I'm so much happier in my life now, I'm a better parent, friend and partner. I am confident and secure in my ability to make good decisions and regained control over my life. I don't regret giving my Ex a second chance, and in actual fact I don't regret that he squandered that. It set me free.
Me: BS
He cheated and then lied. Apparently cheaters lie. Huh. 13 months of false R. Divorced! 8/16 3 teenage kids
"The barn's burnt down
Now
I can see the moon"
-Mizuta Masahide
BentandBroken ( member #72519) posted at 4:22 PM on Thursday, May 28th, 2020
I regret that D had to happen. At 6 months past Dday, I still love my WH (or who I thought he was), and wish he had the desire and capability to do the work required for R.
Since that's not the case, I had no other choice but to split permanently. Now that it's done I realize I am much happier today than I was a year ago during the gaslighting, deceiving, disconnected stage.
So I guess I am a no - I don't regret my decision to D, but it kills me that it had to be this way.
20+ year relationship; Never officially married
Dday November 2019
4 wonderful grown children
WH multiple APs, currently involved with married COW
Kicked him out on Dday and that was that
ThisIsSoLonely ( Guide #64418) posted at 4:33 PM on Thursday, May 28th, 2020
I profoundly regret NOT marrying my former fiancee. I had a very stupid and naive and fantasy-land idea of what love and marriage would be, and our relationship did not meet up to the ideal that I had. Instead, I broke off the 7-year relationship and the marriage a few months before it happened. There was no infidelity, but I regret it immensely now as I threw away a wonderful relationship in pursuit of magical butterfly movie-style love.
I don't regret moving across the country and giving up my job for my WH. I regret attempting to trust him after the A was discovered. We are D now (but still in "IHC" in so much as we live together) and I don't regret that at all - it was necessary.
[This message edited by ThisIsSoLonely at 10:33 AM, May 28th (Thursday)]
You are the only person you are guaranteed to spend the rest of your life with.
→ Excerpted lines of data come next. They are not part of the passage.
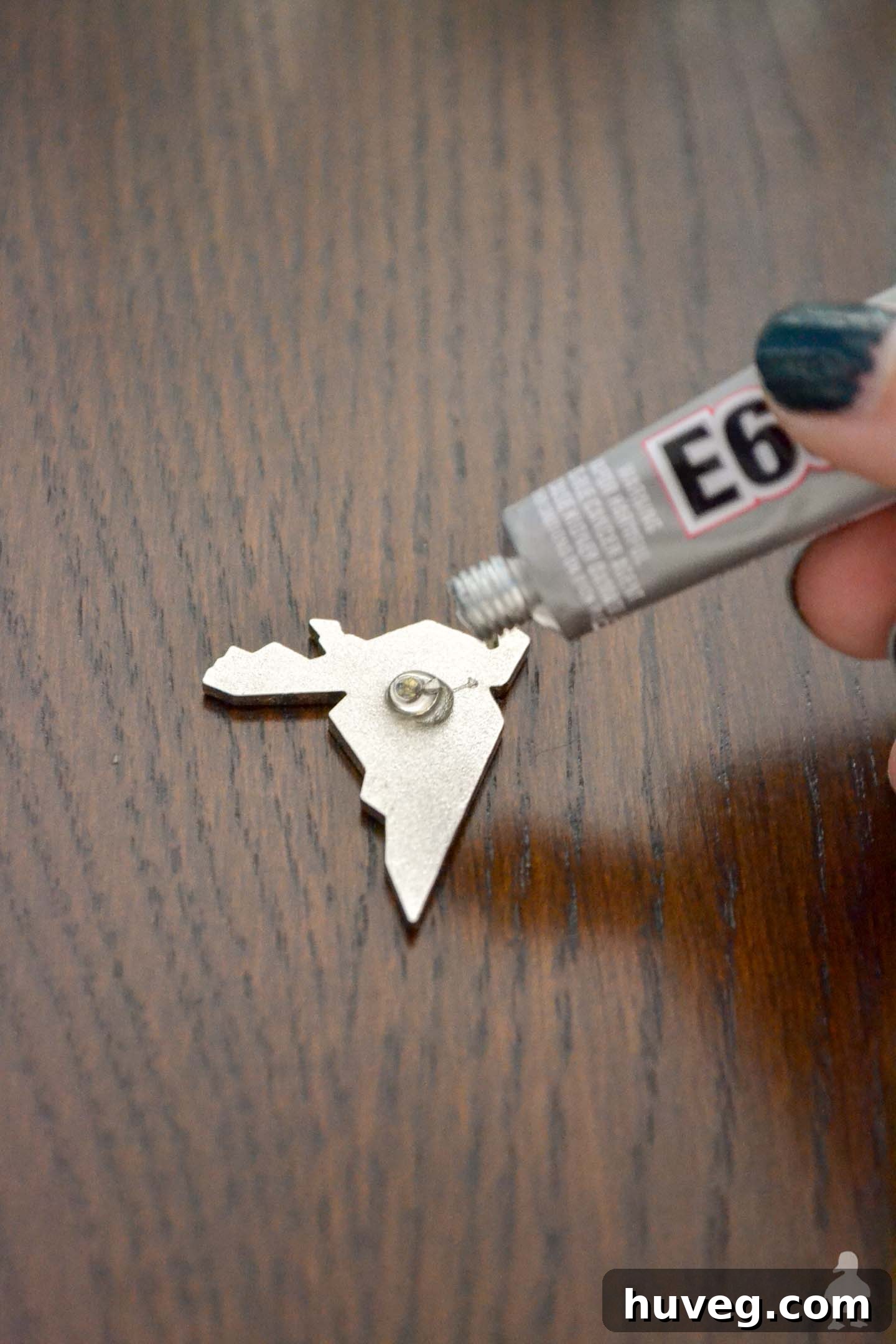 Applying a generous amount of glue to the back of the lapel pin after removing the prong.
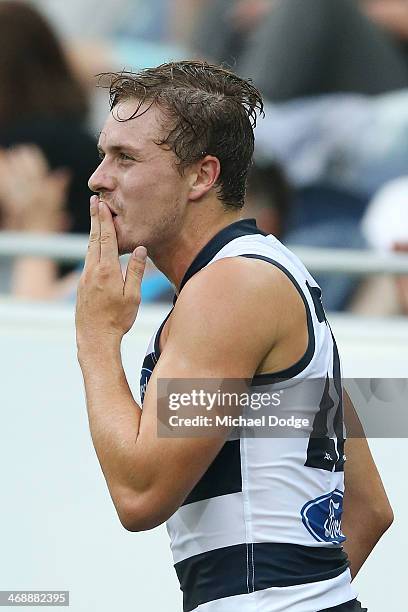 Mitch Duncan of the Cats blows a kiss to celebrate a goal during the round one AFL NAB Cup match between the Geelong Cats and the Collingwood Magpies...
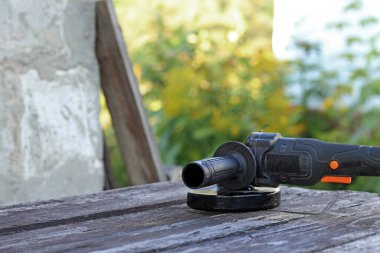 Cordless angle grinder on a wooden table. Tool for repair and construction. Cordless angle grinder close-up. Tool in the country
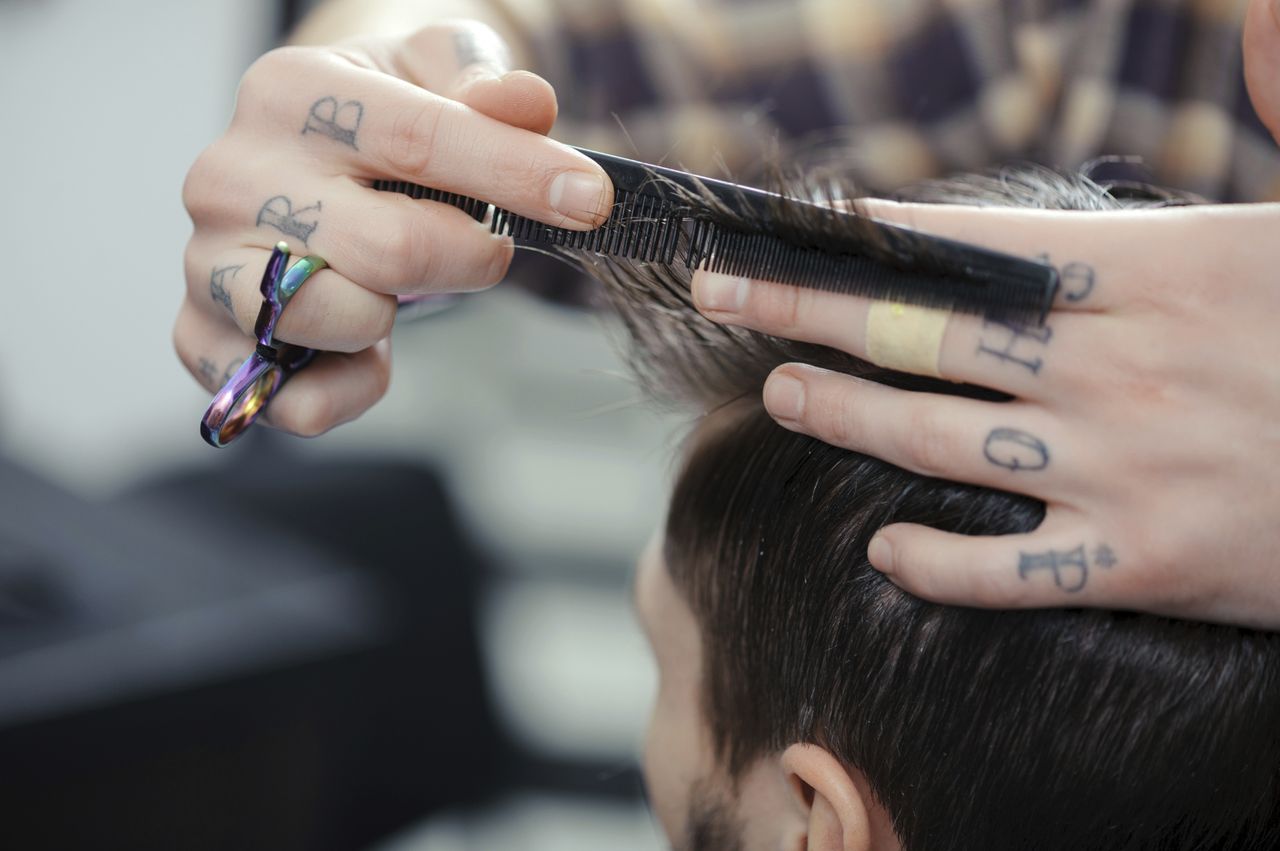 A man getting his hair trimmed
Act accordingly.
Constantly editing posts: usually due to sticky keys on my laptop or additional thoughts
Chrysalis123 ( member #27148) posted at 4:39 PM on Thursday, May 28th, 2020
I regret I took so long to divorce. I regret my lack of boundaries and untreated Codependency and how I hurt my children because of it.
Someone I once loved gave me/ a box full of darkness/ It took me years to understand/ That this, too, was a gift. - Mary Oliver
Just for the record darling, not all positive changes feel positive in the beginning -S C Lourie
TheBod ( member #24073) posted at 4:42 PM on Thursday, May 28th, 2020
Not for a second. My xw showed no sign that she was remorseful at all and I allowed her to manipulate me into false R where the lies and deception were even more hurtful and damaging.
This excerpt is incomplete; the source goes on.